This is quite short and utterly terrifying. With immense skill, Fowles build up an oppressively claustrophobic atmosphere and a constant underlying sense of impending evil. It’s the story of Frederick Clegg, a solitary, inarticulate, socially awkward, and inhibited lower-middle-class clerk. His only hobbies are photography and collecting butterflies - the rarer and more beautiful the better. He becomes obsessed with a beautiful young art student called Miranda Grey and begins to stalk her. Frederick convinces himself that he is in love with her, but knows there is no point attempting to approach her as she is educated and upper-middle class. He begins to fantasise about ‘capturing’ her, like one of his exotic butterflies. If only show more she could get to know him, he thinks, she would begin to see the value in him. When he wins a fortune on the football pools he has a chance to enact his fantasy. He buys an isolated house in the country, kidnaps Miranda, and imprisons her in his cellar. The novel is in four sections. The first is Clegg’s first-person narrative. We then see the same events from Miranda’s point of view in a diary she keeps in captivity, which also includes memories of her earlier life, including a close friendship with an older male artist. The story is concluded by Frederick.

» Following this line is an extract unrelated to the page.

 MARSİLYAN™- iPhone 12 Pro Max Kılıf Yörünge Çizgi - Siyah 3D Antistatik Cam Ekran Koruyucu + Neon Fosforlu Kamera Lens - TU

The Collector is all the more disturbing for its avoidance of the cliches typical of this genre/scenario. Clegg isn’t a serial killer, torturer, or rapist. He is, in fact, entirely well-intentioned. As Miranda herself says, he is what people call a nice young man. He has no desire to harm her and wants nothing from her - sex or money, for instance. He simply wants her to stay with him forever and reciprocate his feelings for her. His total lack of insight into himself, and empathy with others, renders him incapable of seeing that he has ‘fallen in love’ with an idealised image of Miranda, rather than the actual living and evolving person. He gradually becomes dissatisfied as he realises she is not perfect. It never occurs to him that her ‘perfection’ always existed entirely in his own imagination. All he can really offer her is death-in-life. She becomes a ‘specimen’ to be admired by Clegg in secrecy, just like his exquisite but dead butterflies. He regards her as his ‘guest’, not his prisoner, buys her presents - art books, classical records - and is genuinely offended and puzzled by her apparent ingratitude and refusal to love him. He will give Miranda anything she asks for; except, of course, her freedom.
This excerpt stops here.